China Warns State-Owned Companies To Stop Bitcoin Mining Or Risk Strict Penalties

China Warns State-Owned Companies To Stop Bitcoin Mining Or Risk Strict Penalties

China has issued a warning to its state-owned enterprises to stop cryptocurrency mining. It also warned that it would increase electricity rates for companies that continue to defy the ban.

This latest warning comes amid the ongoing crypto ban in the East Asian country. Some months ago, the government of China declared all crypto trading activity illegal. Subsequently, crypto miners and exchanges like Huobi and Binance began to relocate to countries with crypto-friendly regulations.

However, despite the crackdown on crypto, Chinese residents continue to trade Bitcoin. And Beijing authorities are not relenting in their efforts to find ways to prevent crypto use. The Chinese government has also blamed miners for the country’s high energy consumption. In May, during the heat of the crackdown, many large crypto mining farms relocated or stopped operating. Still, some small mining rigs continued to operate.

Last month, Beijing authorities started tracking the IP address of citizens to check for crypto mining activities. Additionally, authorities in Zhejiang province also reportedly began investigating government employees who were illegally mining Bitcoin.

Despite all these measures, there has not been a significant reduction in energy consumption.
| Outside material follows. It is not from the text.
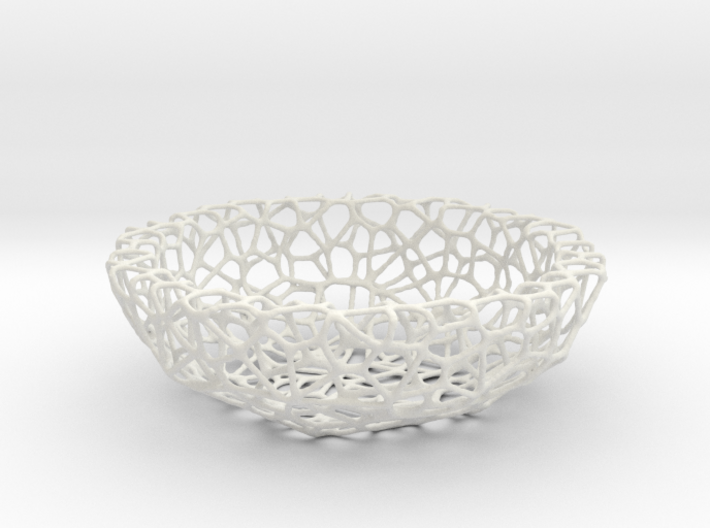 Bowl (19 cm) - Voronoi-Style #1 3d printed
This has led officials to intensify their efforts and face state-owned entities.

Authorities Crackdown On Industrial-Scale Bitcoin Mining

According to reports, the National Development and Reform Commission (NDRC) plans to clamp down on industrial-scale bitcoin mining. And by extension, all state companies that participate in such activity. A spokeswoman for the country’s chief economic planner, Meng Wei, said this at a press conference on Tuesday.

She also emphasized the unsustainable nature of crypto mining, stating that it consumes lots of energy and produces lots of carbon emissions.

Last week, the NDRC held a special meeting to discuss the crypto ban defiance. And also urged provinces and municipalities to investigate and deal with State-owned enterprises involved in mining.

China Dismisses Government Official For Mining

Beijing continues to reinforce its stance on crypto by going after even government officials. A few days ago, China removed a former Jiangxi government official from his position.

Xiao Yi, a former vice-chairman of the Jiangxi Provincial Committee of the Chinese People’s Political Consultative Conference, was accused of abusing his power to promote and support enterprises against government policies. He engaged in crypto mining and also took bribes, according to the Central Commission for Discipline Inspection.

Xiao is the most senior Chinese official to be punished for his involvement in cryptocurrency mining.